**Activity**
Copy verbatim the block of lines in the entries below whose first line contains "Fe Klan, Dharius🇲🇽" and whose last line contains "Vente Maison BEAUCHALOT". Leave out all other lines.

**Dataset entries**
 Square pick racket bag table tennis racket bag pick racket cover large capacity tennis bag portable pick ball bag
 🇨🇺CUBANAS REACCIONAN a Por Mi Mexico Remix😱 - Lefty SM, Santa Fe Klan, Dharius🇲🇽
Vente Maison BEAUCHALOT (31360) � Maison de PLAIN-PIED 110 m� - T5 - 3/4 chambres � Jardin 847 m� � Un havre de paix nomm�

==

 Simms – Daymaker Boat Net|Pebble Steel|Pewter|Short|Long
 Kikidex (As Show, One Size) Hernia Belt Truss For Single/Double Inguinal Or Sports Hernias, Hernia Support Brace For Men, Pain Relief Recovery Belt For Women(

**Output of the exercise**
 🇨🇺CUBANAS REACCIONAN a Por Mi Mexico Remix😱 - Lefty SM, Santa Fe Klan, Dharius🇲🇽
Vente Maison BEAUCHALOT (31360) � Maison de PLAIN-PIED 110 m� - T5 - 3/4 chambres � Jardin 847 m� � Un havre de paix nomm�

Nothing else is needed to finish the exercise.